Birds are aplenty as this reserve
is one of the worlds greatest and most important heronries. More than 350 species
of birds find a refuge in the park and about a third of them are migrants. Of
the migrants the most sought after is the Siberian Crane, which I am told is a
pure vegetarian. The Sarus Crane is a resident and this bird has been idealized
in Indian poetry because these birds not only mate for life, they die when separated.
The park is obviously a bird-watchers paradise. Common water birds like Cormorants, Darters, Spoonbills, Egrets and the lovely Ibis rub shoulders and live in total harmony. One can see a Lesser Egret walking under the spread wings of a Darter. Cormorants dive and come up in unison with Dabchicks. Moorhens walk nonchalantly past Paddy birds poised for a kill while the Red Wattled Lapwing screams his head off did he do it did he do it? The larger birds like Black necked Storks, Painted Storks and Demoiselle Cranes keep their distance while the elite Sarus crane and ducks from Sri Lanka are star attractions. The Pied Kingfisher shows off his crazy diving skills dropping like a stone after hovering in the air like a rescue helicopter. The marshland supports not only water birds but also many other birds like Kingfishers, Spotted Owlets, and Mynahs.
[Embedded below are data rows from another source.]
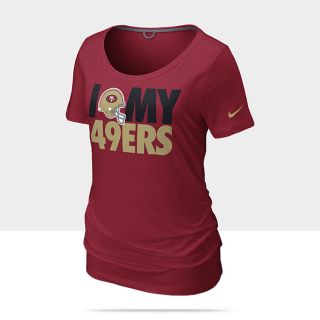  Nike Team Dedication Tri Blend (NFL 49ers) Womens T Shirt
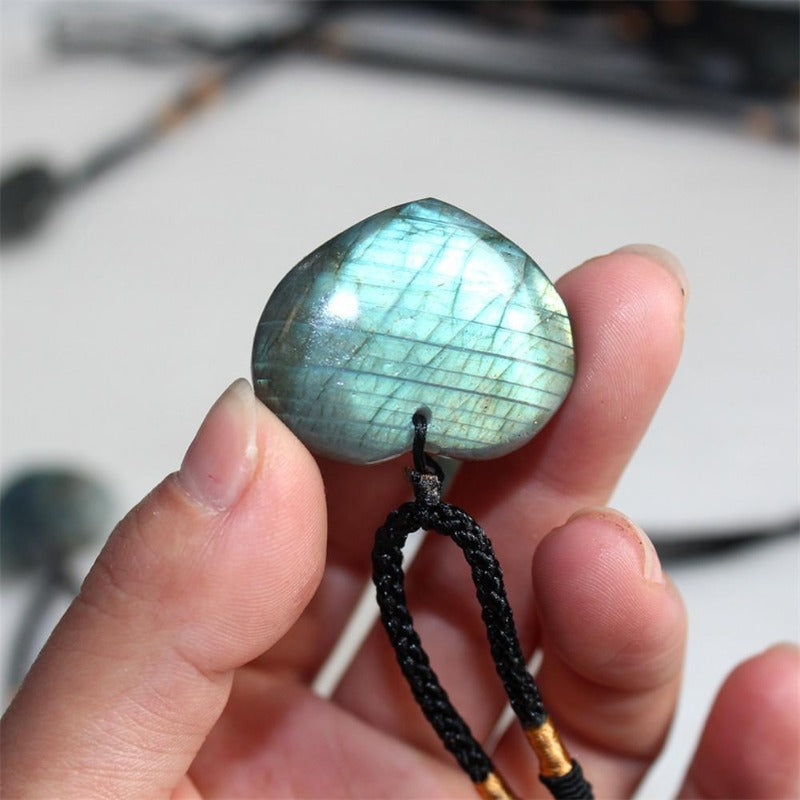 Collier Macramé Labradorite | Passion Macramé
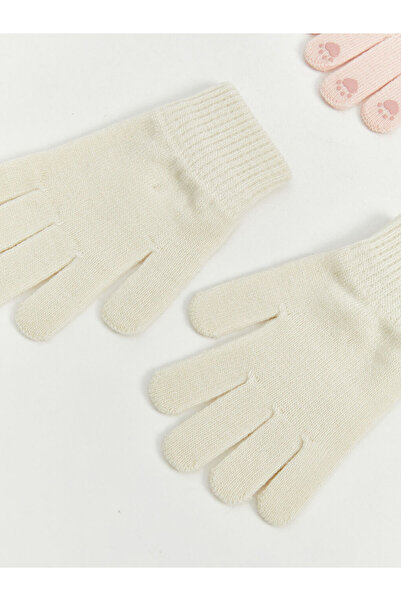 LC Waikiki Timeless Store: Timeless Recommendations |   Printed Baby Girl Gloves, Pack of 2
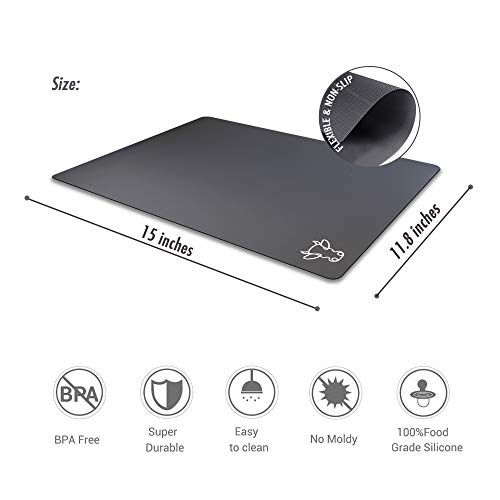 Fotouzy Flexible Plastic Cutting Board Mats with Food Icons, BPA-Free, Non-Porous, 100% Non-slip Back and Dishwasher Safe, Unique Modern Neutral Colors, Set of 4 by Fotouzy - Image 4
One thing common to these birds,
large or small, is that they are all shutter shy. They will let you come up
close. Holding your breath you think you can go a step closer. The bird with
all indifference will continue preening its feathers. But raise the camera to
the eye, it will take off. Wild life photography can be very frustrating. One
exception was this Darter below. This bird, commonly called the Snake bird, put
on such a display turning round and round and let me take several shots of him
sunning his feathers.
The rickshaw drivers are very
resourceful and have developed quite an expertise in identifying the birds to
the uninitiated. Abundance of foreigners visiting the park has necessitated use
of English but mastery of this foreign language, pronunciation and grammar, is
beyond these villagers, often leading to comical situations.
My rickshaw-wallah
pointed out a bird and said leevartun. I blinked at this strange specimen and
he repeated syllable by syllable so that it will get into my dumb brain. Lee
Varr Tun. Zilch. I gave up and so did that chap probably cursing my poor
English. Much later, Salim Alis guide solved the mystery. It was River Tern.
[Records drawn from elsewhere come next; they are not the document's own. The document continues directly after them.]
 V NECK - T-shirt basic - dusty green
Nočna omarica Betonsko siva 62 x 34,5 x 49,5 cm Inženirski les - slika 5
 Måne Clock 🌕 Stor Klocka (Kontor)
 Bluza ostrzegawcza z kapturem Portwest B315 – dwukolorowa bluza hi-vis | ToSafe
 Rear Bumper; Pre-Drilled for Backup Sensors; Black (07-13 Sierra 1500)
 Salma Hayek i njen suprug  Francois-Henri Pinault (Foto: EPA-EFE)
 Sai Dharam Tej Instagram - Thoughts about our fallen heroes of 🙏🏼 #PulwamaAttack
Our attention was suddenly attracted by a pair of parakeets screeching loudly in the hollow of a tree which was obviously the home of the parakeets. Soon the parakeets recruited more of their clan and the cacophony was unbelievable. All of them were frantically circling the tree, screaming their head off. A crowd had gathered below the tree watching the drama. In a short while the reason became apparent. A huge Monitor Lizard had chosen to park himself in the hollow much to the consternation of the birds. The lizard was totally oblivious of the strong objections of the parakeets and happily snuggled into his siesta. We left with the birds still racking their brains for a way to get rid of the monster.